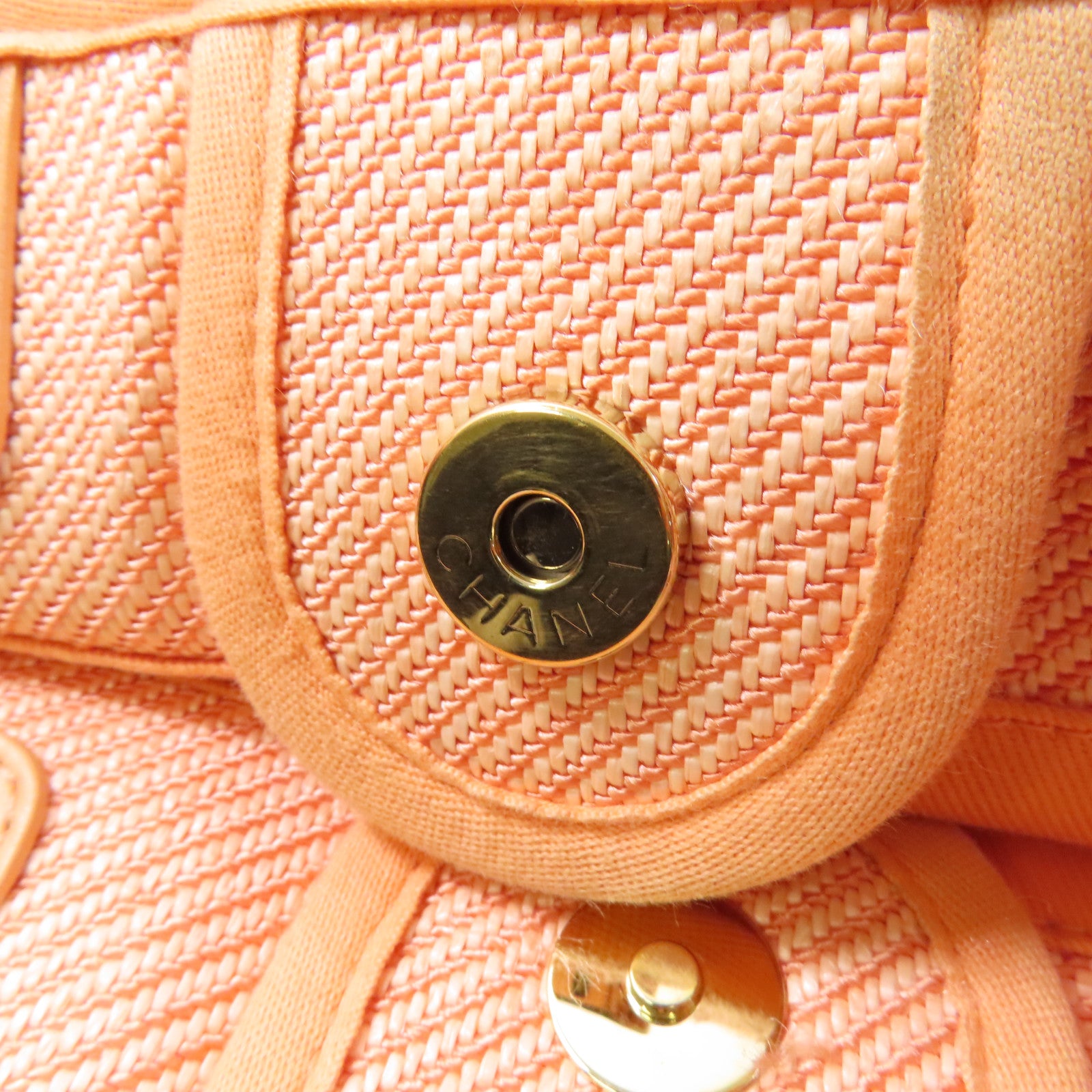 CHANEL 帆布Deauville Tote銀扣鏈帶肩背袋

* * *

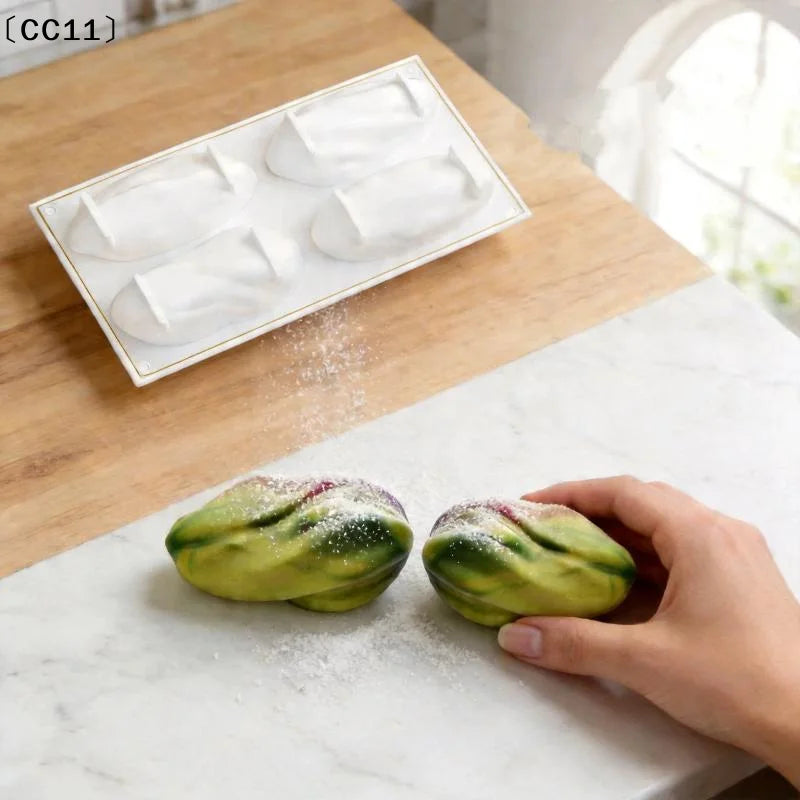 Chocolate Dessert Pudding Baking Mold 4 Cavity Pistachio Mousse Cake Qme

==

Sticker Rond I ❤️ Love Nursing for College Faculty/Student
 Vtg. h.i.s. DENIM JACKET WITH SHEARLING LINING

## PROBLEM DETAILS
Could you repeat exactly the lines above from the line with "Sticker Rond I" up to and including the line with "Vtg. h.i.s. DENIM", and only those?

## FINISHED TASK
Sticker Rond I ❤️ Love Nursing for College Faculty/Student
 Vtg. h.i.s. DENIM JACKET WITH SHEARLING LINING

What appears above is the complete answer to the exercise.